**Brief**
Could you retype exactly the lines below between the one holding "The ecosystem also" and the one holding "This was brought", inclusive, leaving out any pictures?

**Data for processing**
◆ ◆ ◆ ◆ ◆
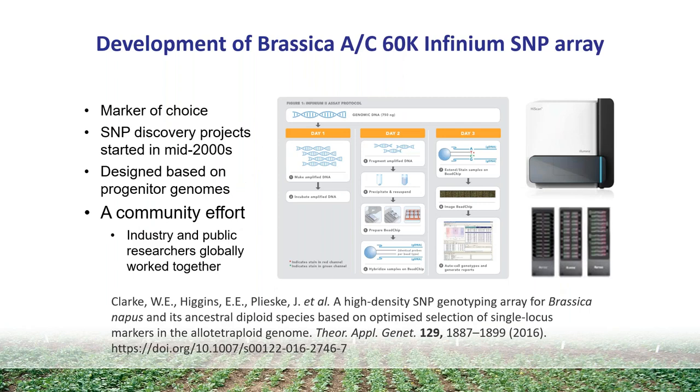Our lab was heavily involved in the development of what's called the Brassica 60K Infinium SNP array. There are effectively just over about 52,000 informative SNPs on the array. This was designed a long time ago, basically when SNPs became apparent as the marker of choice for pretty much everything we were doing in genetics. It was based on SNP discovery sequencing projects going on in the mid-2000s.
◆ ◆ ◆ ◆ ◆
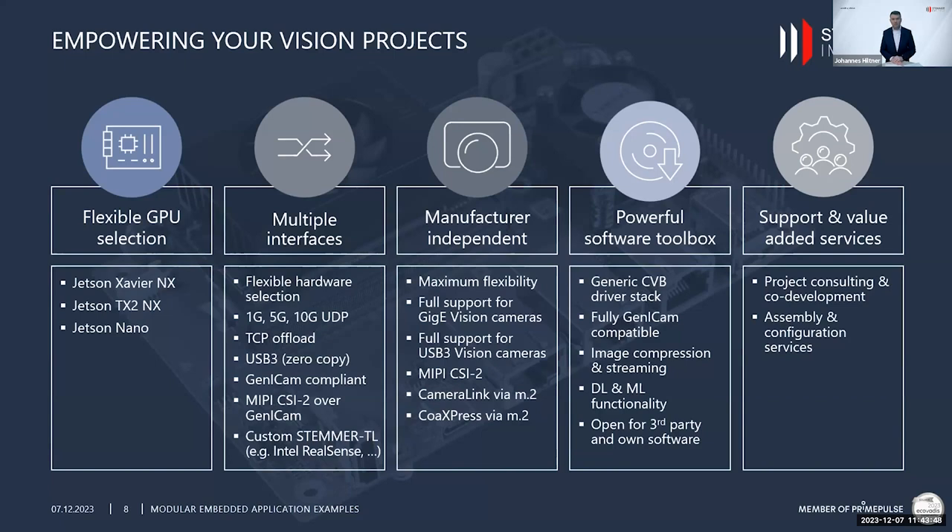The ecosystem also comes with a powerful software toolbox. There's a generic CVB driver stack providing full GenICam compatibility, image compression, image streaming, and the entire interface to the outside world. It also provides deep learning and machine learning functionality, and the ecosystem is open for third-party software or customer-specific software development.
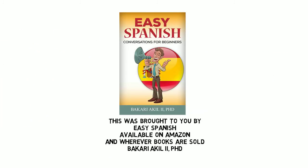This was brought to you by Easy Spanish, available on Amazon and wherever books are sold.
◆ ◆ ◆ ◆ ◆
**Response**
The ecosystem also comes with a powerful software toolbox. There's a generic CVB driver stack providing full GenICam compatibility, image compression, image streaming, and the entire interface to the outside world. It also provides deep learning and machine learning functionality, and the ecosystem is open for third-party software or customer-specific software development.
This was brought to you by Easy Spanish, available on Amazon and wherever books are sold.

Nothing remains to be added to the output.